If I add a WHERE on table B:
SELECT * FROM A INNER JOIN B ON [....] WHERE B.Xyz > 10
The WHERE will actually be executed before the join... So if the where
returns 1000 rows, the "actual # of rows" of B will be 1000...
I don't get it.. shouldn't it be <= 2???
What am I missing... why does the optimiser proceeds that way?
(SQL 2008)
Thanks
The optimizer will proceed whichever way it thinks is faster. That means if the Xyz column is indexed but the join column is not, it will likely do the xyz filter first. Or if your statistics are bad so it doesn't know that the join filter would pare B down to just two rows, it would do the WHERE clause first.
It's based entirely on what indexes are available for the optimizer to use. Also, there is no reason to believe that the db engine will execute the WHERE before another part of the query. The query optimizer is free to execute the query in any order it likes as long as the correct results are returned. Again, the way to properly optimize this type of query is with strategically placed indexes.
The "scanned only once" is a bit misleading. A table scan is a horrendously expensive thing in SQL Server. At least up to SS2005, a table scan requires a read of all rows into a temporary table, then a read of the temporary table to find rows matching the join condition. So in the worst case, your query will read and write 1M rows, then try to match 2 rows to 1M rows, then delete the temporary table (that last bit is probably the cheapest part of the query). So if there are no usable indexes on B, you're just in a bad place.

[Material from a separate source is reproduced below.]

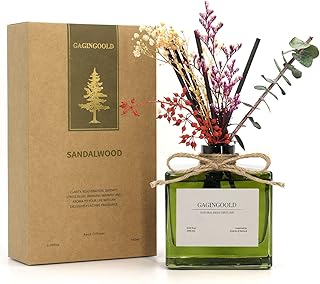 Reed Diffuser, 6.09 oz Earthy Sandalwood Scent Diffuser with Sticks & Dried Flowers, 120 Days Long Lasting diffusers for Home, Elegant Fragrance for Bathroom Bedroom Office Decor Air Fresh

In your second example, if B.Xyz is not indexed, the full table scan happens and there's a secondary match from 2 rows to 1000 rows - even less efficient. If B.Xyz is indexed, there should be an index lookup and a 2:1000 match - much faster & more efficient.
'course, this assumes the table stats are relatively current and no options are in effect that change how the optimizer works.
EDIT: is it possible for you to "unroll" the A rows and use them as a static condition in a no-JOIN query on B? We've used this in a couple of places in our application where we're joining small tables (<100 rows) to large (> 100M rows) ones to great effect.